(Jpost).Some leaders in Europe treat the Palestinians “like a spoiled child” and instead need to “tell the Palestinians the truth,” Prime Minister Netanyahu said Sunday during a meeting with visiting Bulgarian Foreign Minister Nikolay Mladenov.
According to government sources, Netanyahu told Mladenov, considered one of the friendliest foreign ministers toward Israel in the EU, that there were individuals in the EU who never hesitated in telling Israel what they expected it to do, but were very reticent to take the same liberties with the Palestinians.

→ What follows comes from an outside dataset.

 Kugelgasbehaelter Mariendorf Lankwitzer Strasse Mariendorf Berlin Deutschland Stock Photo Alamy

He was specifically talking about a reluctance by some in the EU to call explicitly for the Palestinians to give up on a “right of refugee return” and to recognize Israel as the state of the Jewish people, even though these Europeans had no qualms about calling clearly for Israel to agree to a Palestinian state along the 1967 lines and to redivide Jerusalem.

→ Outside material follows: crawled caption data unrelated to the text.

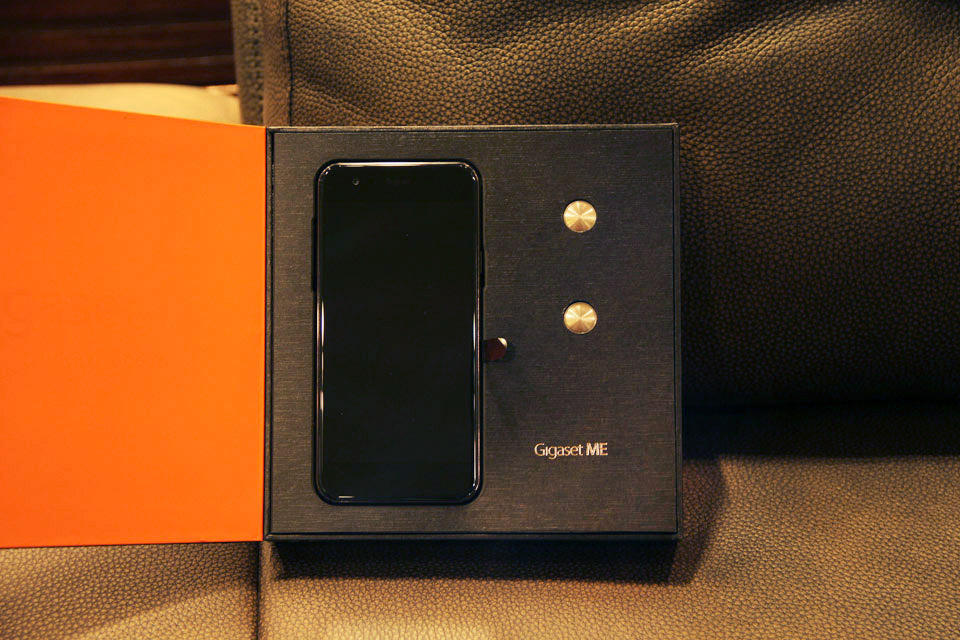 ���ںͺ���Ҳ�����Ӧ����ɫ����Ȼ�����˺�ɫ��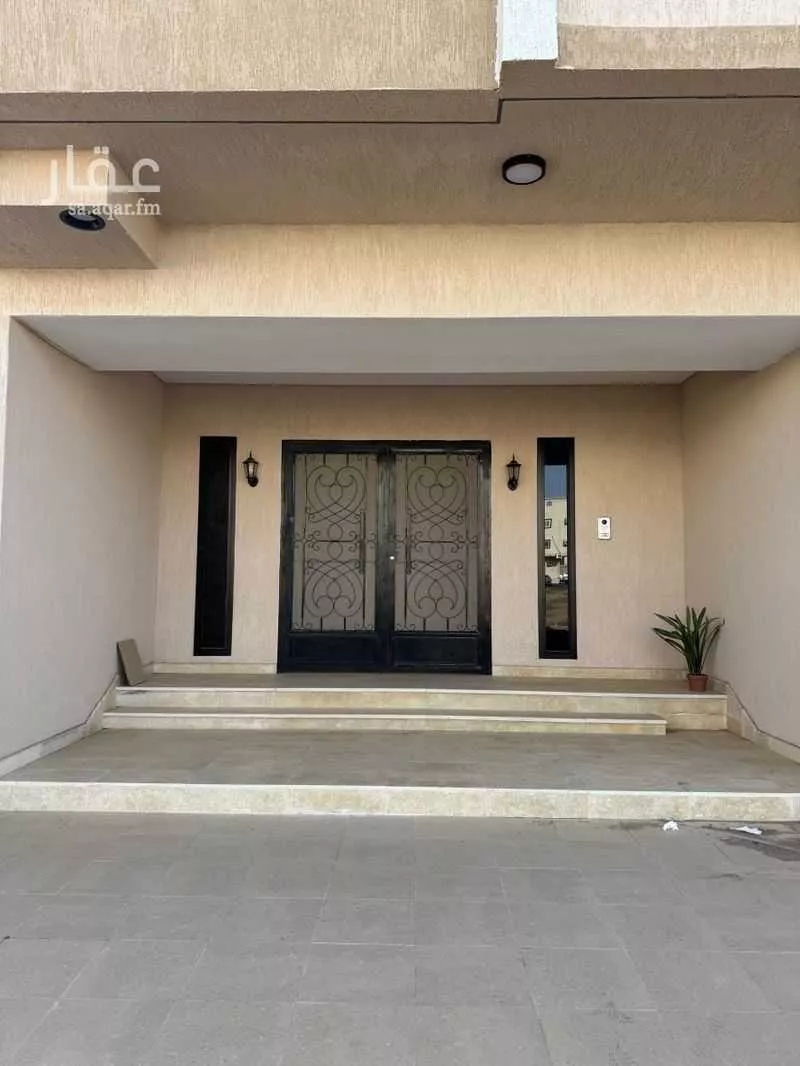 عمارة 283 م² في الملك فهد 18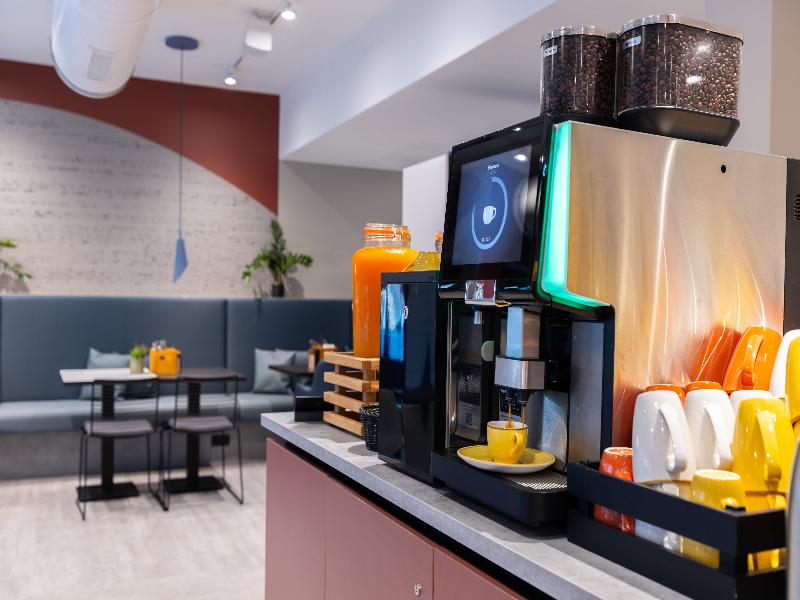 Holiday Inn - the niu Clink Hamburg Barmbek by IHG image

By not speaking with the same determination or frankness with the Palestinians, Netanyahu said, these leaders were “doing a disservice to those individual Palestinian leaders who are ready for compromise and deserve their support.”
Israeli officials have long complained that while the Europeans are very specific when it comes to the solutions they envision regarding future borders or Jerusalem, when it came to an issue like refugees they often suffice with saying that a “just solution must be found.”
Why, one official asked, do they not use that same formula when addressing all issues, saying that a “just solution” needs to be found to the border question, rather than plainly referring to the 1967 lines as the resolution of that issue/ Netanyahu, who is scheduled to travel to Bulgaria and Romania in early July, reiterated Israel’s opposition to the Palestinians’ UN gambit, saying UN recognition would “put into UN cement” the maximalist Palestinian positions and prevent flexibility later.
To advance peace, Netanyahu said, it was necessary to oppose the PA’s move to the UN.
Mladenov gave the impression during his meetings in Jerusalem that Bulgaria would not support the Palestinian move.
Shortly after the meeting, Netanyahu met with EU foreign policy chief Catherine Ashton and Quartet envoy Tony Blair. That meeting was held without aides or advisors, and nothing was revealed of its content except that Netanyahu asked the two to come out with a clear call to Hamas to free kidnapped soldier Gilad Schalit as a way of increasing pressure on the organization’s leadership.
One government source said the thrust of Netanyahu’s discussions in recent days with visiting officials was how to come up with a framework to restart talks that would then get the Palestinians to withdraw their UN resolution in September. Israel has made it clear, however, that it will not restart talks in any framework if Hamas is part of the Palestinian government.
The prime minister told Mladenov that the PA has been “grossly irresponsible” both in forging a Hamas-Fatah agreement and in planning to go to the UN.